SUPPLIED INFORMATION:
※

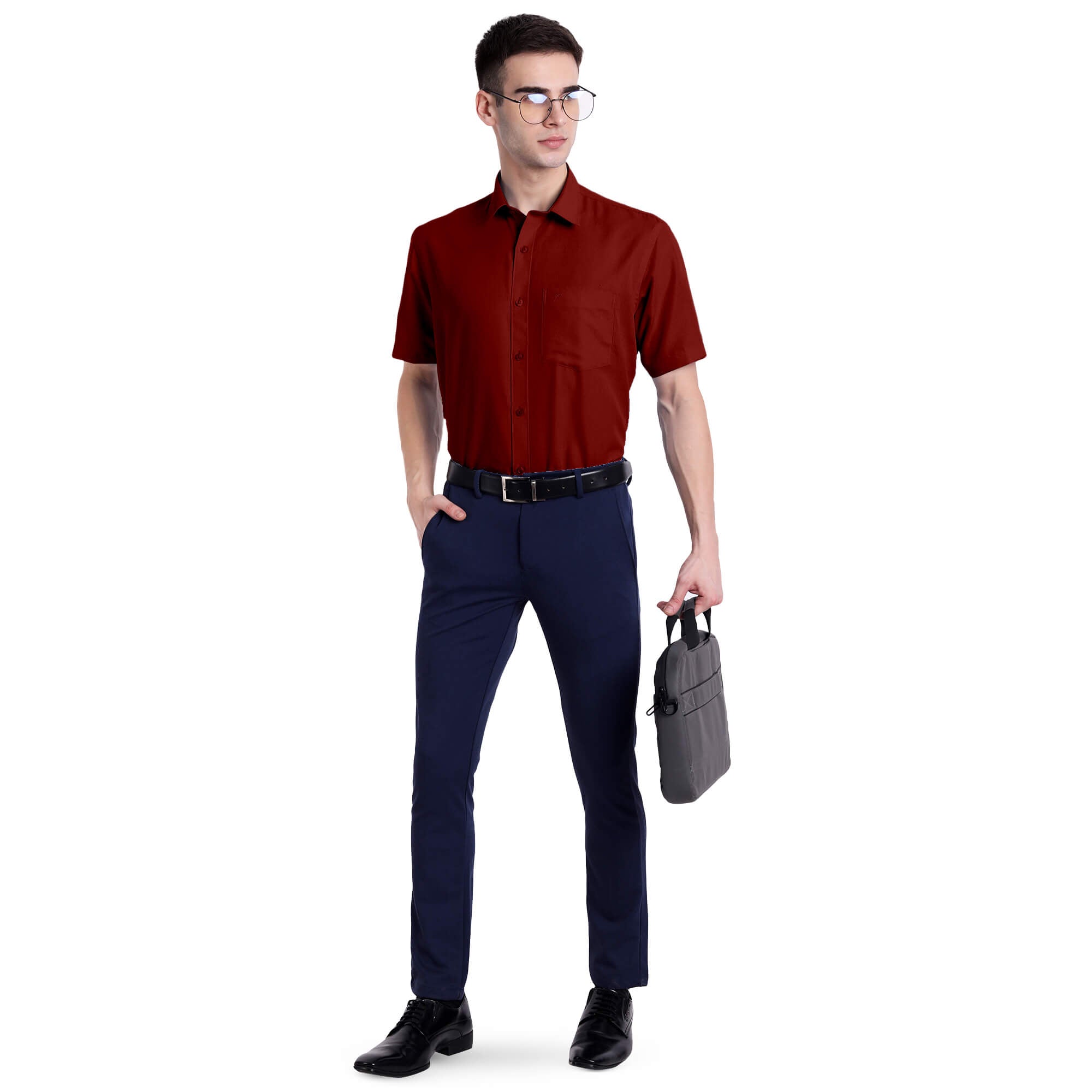 Poomer Elite Colour Shirt - Maroon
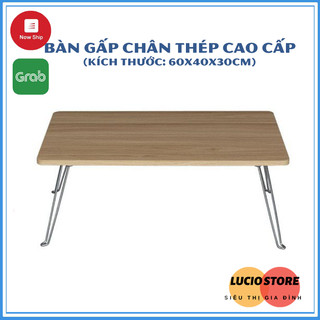 BÀN GẤP VÂN GỖ CHO HỌC SINH sinh viên kiểu chân bóp
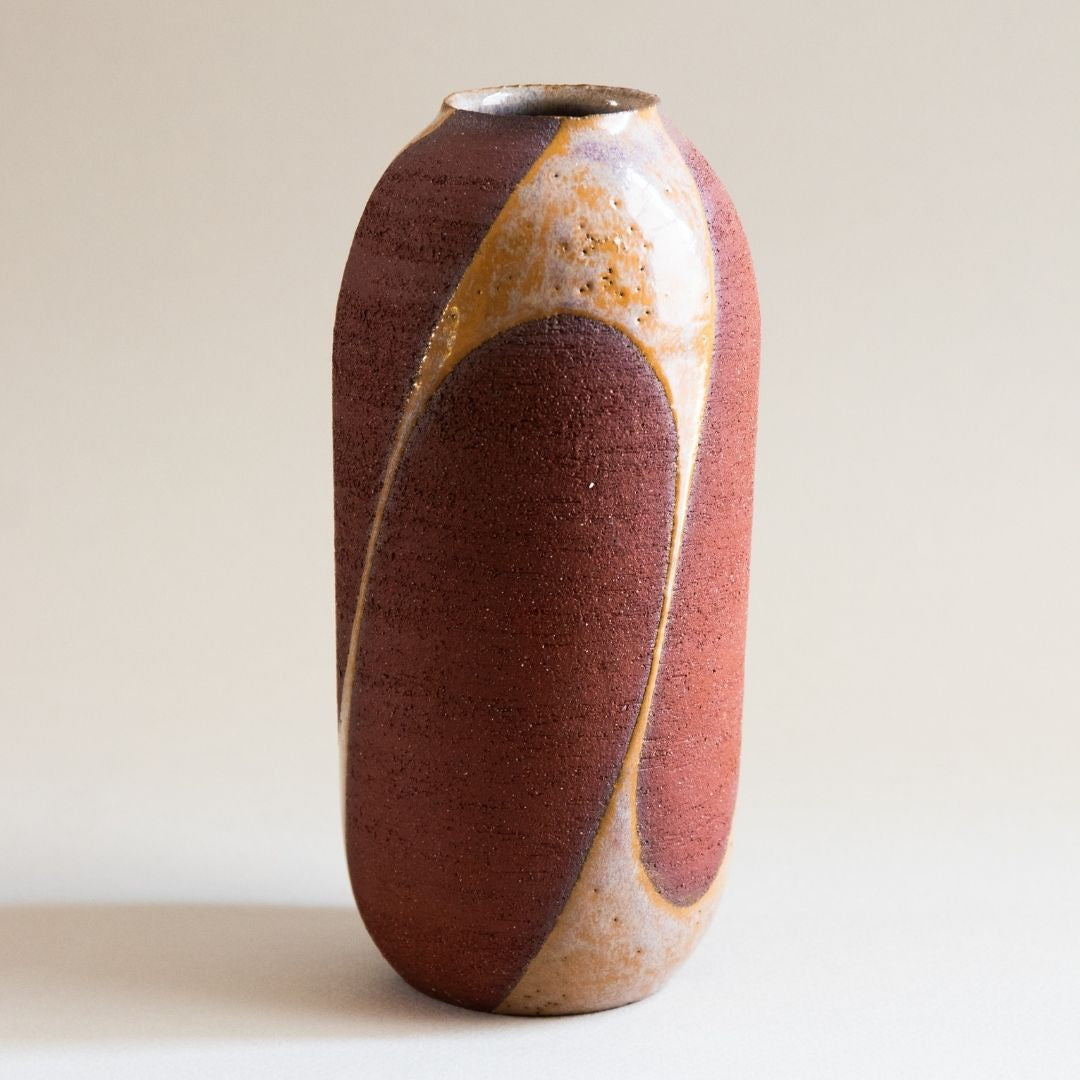 Vase with Oval Patterns 3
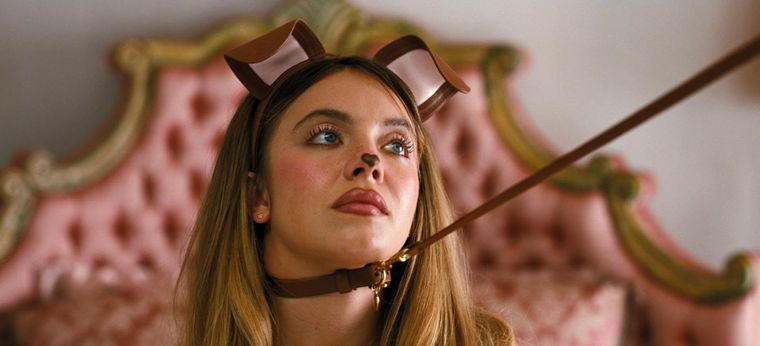 Sydney Sweeney en su regreso como Casey para la S3 de Euphoria.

※

AIM OF THE EXERCISE: Starting at the line that contains "BÀN GẤP VÂN", extract each line through the last line of the material exactly as written, and include no pictures.

RESPONSE AREA:
 BÀN GẤP VÂN GỖ CHO HỌC SINH sinh viên kiểu chân bóp
 Vase with Oval Patterns 3
 Sydney Sweeney en su regreso como Casey para la S3 de Euphoria.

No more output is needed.